I also look for what can help me make it through the day along with motivators by which to continue the journey we have in Christ. Purpose and meaning are especially central in my view of the world as well, and if possible, a larger, more incorporated, integral understanding of our lives in this vast universe is something I'd prefer to have too, if at all possible. The difference here in my thought from what you seem to be expressing is that I tend to prefer to only have 'the truth' about reality that I can actually gain, however uncomfortable or discordant it might be. I know that my saying this probably isn't wholly accurate because you too want some reality, but you're seeking more reconciliation of ideas where I attempt to be willing to settle for having less than what I'd prefer to have.
For some folks a literal interpretation of the Bible is all they need. Other, traditional doctrines or creeds. But I always seem to ask what any of that actually means and do I really believe it.
None of that serves me as a central core of concern. Not a literal interpretation, not creeds, not extraneous and extrapolated doctrines. Just existence as it is and as it might possibly be known on a human level, to whatever degree.
So I am among those who look for answers I can’t even understand. But as long as I have some sort of theory that makes at least some sense to me, it helps me to live.
I'm a little different than you perhaps; I only want to entertain theories that have some substantive evidence supporting the explanation we try to assert. Otherwise, in my estimation, it's just speculation and speculation doesn't bake any bread for me. It might for other people. I get that. But for me, it doesn't. That's why I identify as both an existentialist and an evidentialist. But everyone's different, and I understand all too well that we are not clones and can't expect everyone to be on the same, identical epistemic page.
So, the nature of God and humans, how we relate and where we are going, while remaining enmeshed in sacred mystery, still are important to me. So the human questions are intertwined with the God questions.
As they are for me as well.
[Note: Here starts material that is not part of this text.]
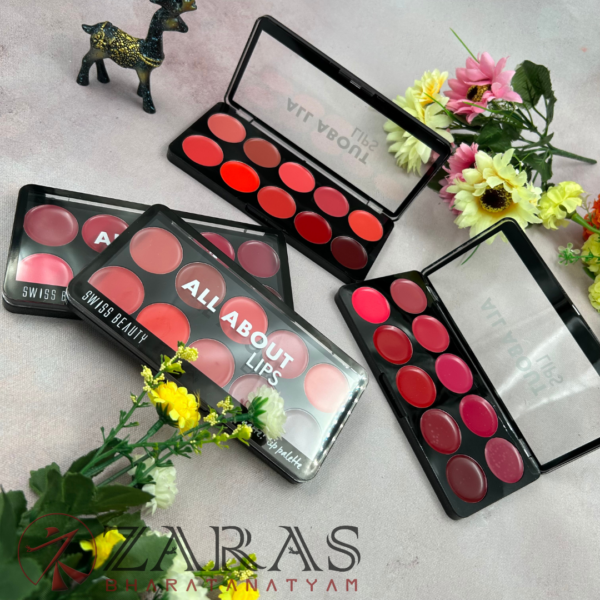 Bharatanatyam Makeup Products lip stick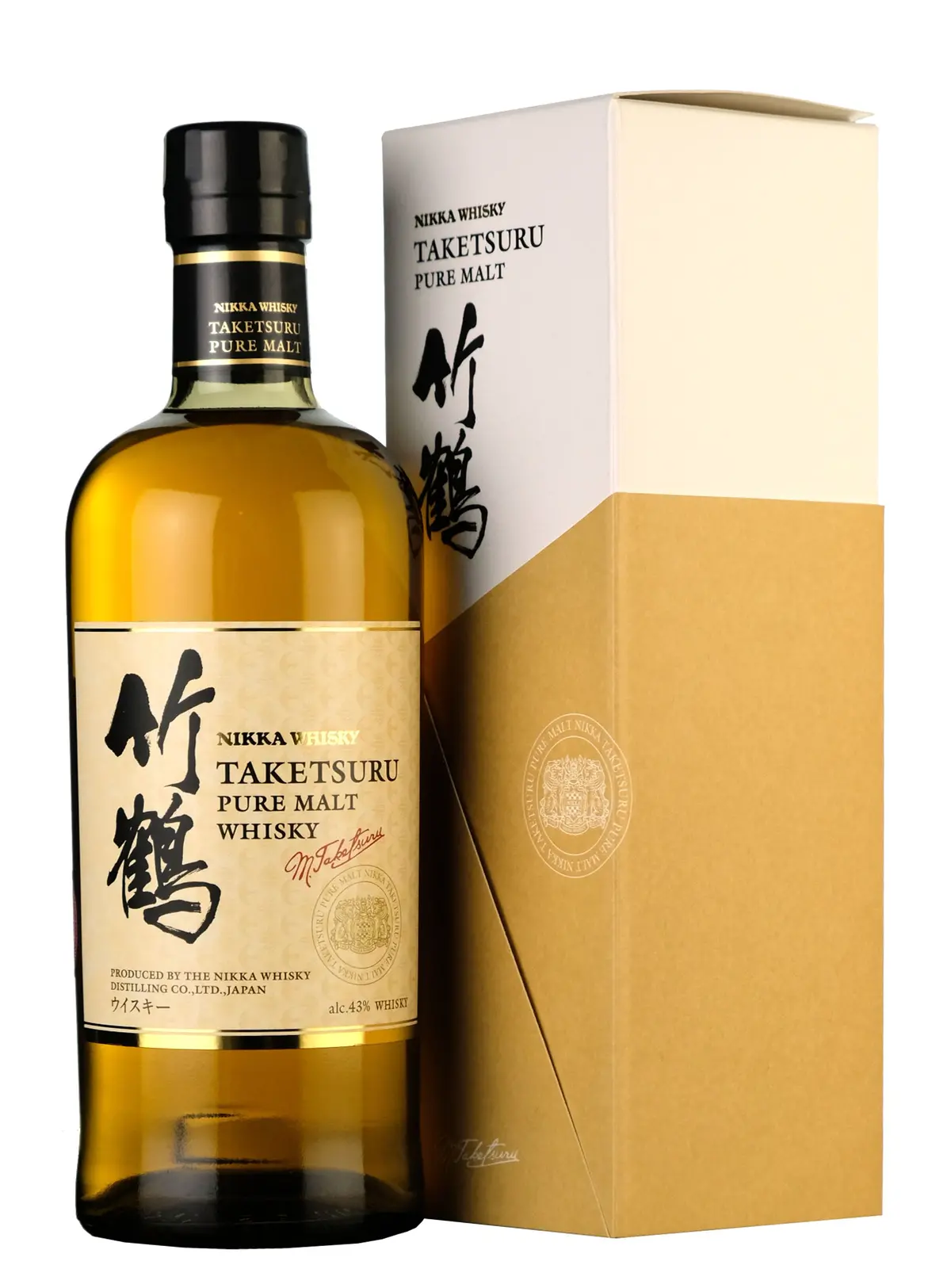 Nikka Taketsuru Pure Malt 1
I think they are for many or most of us who identify as Christian in some form or another.
Can you say more about a Pascalian view?
The first thing I'd say is that by a "Pascalian View," I don't mean some sort of Pascalian-ism, most especially a view that is truncated and despoiled of all additional contexts by a hyper-fixation upon the one bit of Pascal's thought that has become identified all too often as his main contribution to apologetics: his Wager.
No, in this case, Pascal, like so many of the theologians I read, serves as but one influence among many and allows me to affirm our common existential plight in this life without being cited for moral deficiencies due to a false application of Pauline theology or a lack of rational justification via a Cartesian conclusion. And that's the starting point: that we exist and will continue to exist in this life with
Uncertainty.
So, I've said "more" and there'll I'll stop because I don't want to derail this thread and push it onto another tangent. We can continue to talk about Teilhard de Chardin or Whitehead, or whomever you're intending to focus on.
One thing I will say about Teilhard de Chardin is that, even though I may disagree with his overall project, I appreciate the fact that as a scientist (paleontologist) and a theologian, he attempted to take the bull of Evolution by the horns and reconcile it with the Christian Faith. It's not the way I'd handle the topic of Evolution, but I appreciate his philosophical effort to do so.